Mike, the hostel owner, came out occasionally to make sure that we were both being entertained, and also to do regular chores like vacuuming the pool :) he and I chatted for most of the time, things from why Detroit is such a sucky city to why girls spend so much time with their boyfriends (his daughter was the guilty party in this). Towards the beginning of the evening, the Aussie chick left to catch a late ferry and I was pretty much alone. There was one more girl in my dorm but she didn't show back up until nearly midnight. I kept myself occupied by chatting with Mike some more, going to the local market for dinner food, and then listening to music for the rest of the evening.

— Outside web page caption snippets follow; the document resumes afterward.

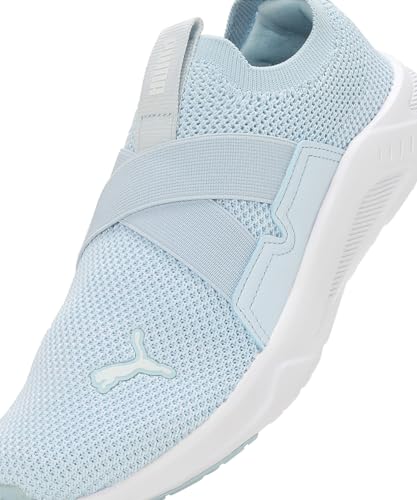 Puma Womens Luft WNS ICY Blue-White Running Shoe - 6 UK (31060501)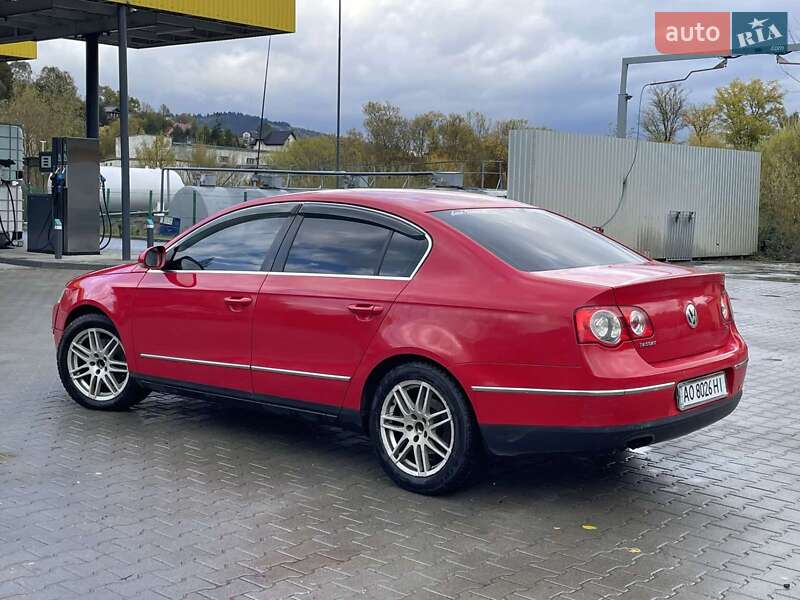 Седан Volkswagen Passat 2005 в Турке фото 2 Седан Volkswagen Passat 2005 в Турке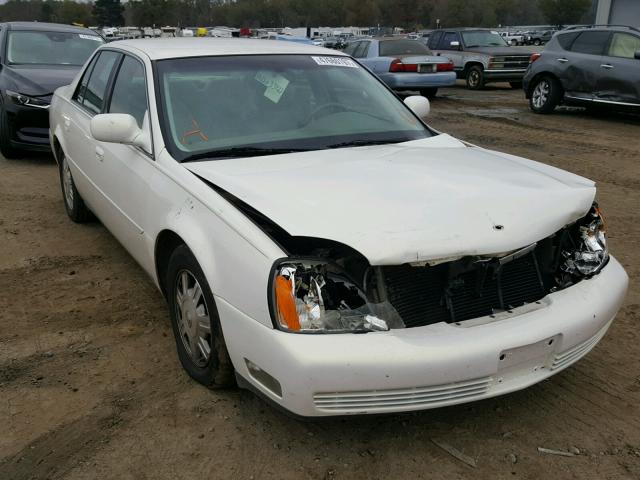 1G6KD54Y55U116484 - 2005 CADILLAC DEVILLE WHITE photo 1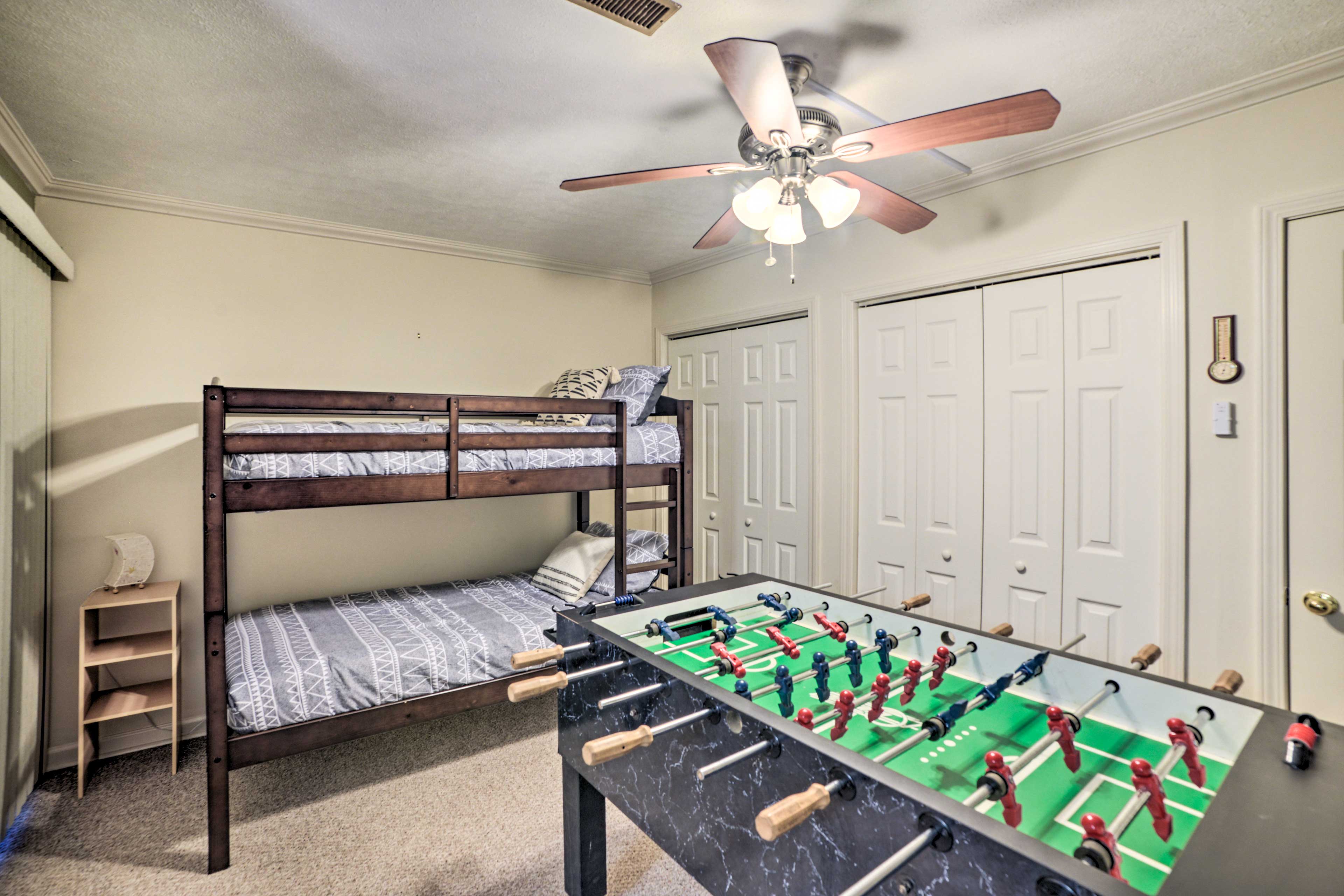 Basement | Foosball Table | Arcade Games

The next day, I woke up bright and early meaning to make the most of my time. Since it was so bright and early, I went back to sleep! When I did wake up again, I realized that the wind had stopped and immediately grabbed my towel with a book before I headed out to the beach.
People wander the beach trying to sell anything, from sunglasses to...to tattoos. Really, there was a guy walking around holding a portfolio of designs, asking "Tattoo? Tattoo?" I had found "Notes from the Underground" by Dochetvesky (I'm messing his name up so bad, but that's what he gets for being a Russian) and soon established a routine: read for about 30 minutes, at which point I would begin to feel uncomfortably hot, and then go dive into the cool, cool water of the sea.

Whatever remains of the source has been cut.